I express no opinion upon the force of the anathemas hurled by Burke on the French Revolution, but I cannot help remarking that there is a great deal of truth in the general observation quoted above. The world is, no doubt, good and beautiful only with its diversity. The chief object of human yearning is, has been, and ought to be, to find harmony in diversity. Nations are built and unified by the differences that exist between the various classes of their population. The Apostle of Unity in order to succeed must find a common object to achieve and a common enemy to fight.

 

All differences must be sunk in the presence of the latter and to achieve the former but not necessarily otherwise. For as this and this only can be the common basis of nationality, I do not think there are insuperable difficulties in the way of Indian Unity, if the denominational and other differences are faced in that spirit.

 

Another evil which often staggers us, is the illiteracy and ignorance of our people. Here again, while admitting the absolute necessity of educating the masses, I fail to see the soundness of the proposition, that universal education must precede any demand for self-government. In fact it is hopeless to expect anything like universal education without self-government. Over a century and a quarter of British rule has failed to educate more than five or six per cent of the people of India, while Japan has been wholly educated within less than forty years. The educational work is one of the most important of our national duties, but by no means should it be made a condition precedent to our demanding self-government.

 

Here, too, the principal question is of men and money.
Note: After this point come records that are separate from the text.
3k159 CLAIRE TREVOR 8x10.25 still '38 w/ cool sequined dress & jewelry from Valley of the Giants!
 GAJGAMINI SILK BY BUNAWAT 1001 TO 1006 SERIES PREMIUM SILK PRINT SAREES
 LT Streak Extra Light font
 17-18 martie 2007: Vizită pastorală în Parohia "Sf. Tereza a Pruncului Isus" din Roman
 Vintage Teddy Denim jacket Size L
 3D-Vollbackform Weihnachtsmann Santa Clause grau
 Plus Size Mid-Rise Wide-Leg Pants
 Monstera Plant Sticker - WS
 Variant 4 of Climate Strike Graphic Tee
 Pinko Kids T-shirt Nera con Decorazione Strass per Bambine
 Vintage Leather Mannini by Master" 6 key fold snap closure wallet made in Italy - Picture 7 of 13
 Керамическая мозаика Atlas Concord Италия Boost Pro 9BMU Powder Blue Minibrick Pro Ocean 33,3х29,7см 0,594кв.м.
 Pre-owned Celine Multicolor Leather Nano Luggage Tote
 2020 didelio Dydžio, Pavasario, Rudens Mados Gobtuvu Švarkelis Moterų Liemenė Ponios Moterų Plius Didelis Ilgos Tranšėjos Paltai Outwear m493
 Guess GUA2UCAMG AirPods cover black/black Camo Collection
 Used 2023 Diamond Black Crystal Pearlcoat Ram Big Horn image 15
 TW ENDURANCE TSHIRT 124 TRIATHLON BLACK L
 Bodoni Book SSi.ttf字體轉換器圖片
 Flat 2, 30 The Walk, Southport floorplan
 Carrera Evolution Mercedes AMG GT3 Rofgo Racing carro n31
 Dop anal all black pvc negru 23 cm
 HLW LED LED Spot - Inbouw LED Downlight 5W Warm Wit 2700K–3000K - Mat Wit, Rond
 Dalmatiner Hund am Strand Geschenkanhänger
Find out the former and the latter will be forthcoming. That is, therefore the chief thing, for the finding of which, the nation should put forth its best energy and talent.

 

Give us a dozen men in each province, exclusively devoted to the work of national regeneration, and the situation will at once assume a bright appearance and will promise the most hopeful results. Let us hope that the best talent and the best patriotism of the country are engaged in tapping the resources which are eventually to give us the desired class of men who shall be our national Sanyasis in the present crisis. It was probably said of times like these that, “These are the times that try men’s souls. The sunshine soldier and the sunshine patriot will, in this crisis, shrink from the service of their country; but he that stands to it now, deserves the thanks of man and woman. Tyranny like hell is not easily conquered; yet we have this consolation with us, that the harder the contest, the more glorious the triumph. What we obtain too cheaply, we esteem too lightly; ‘it is dearness only that gives everything its value. Heaven knows how to set a proper price upon its goods; and it would have been strange indeed if so celestial an article as Freedom should not be highly rated.”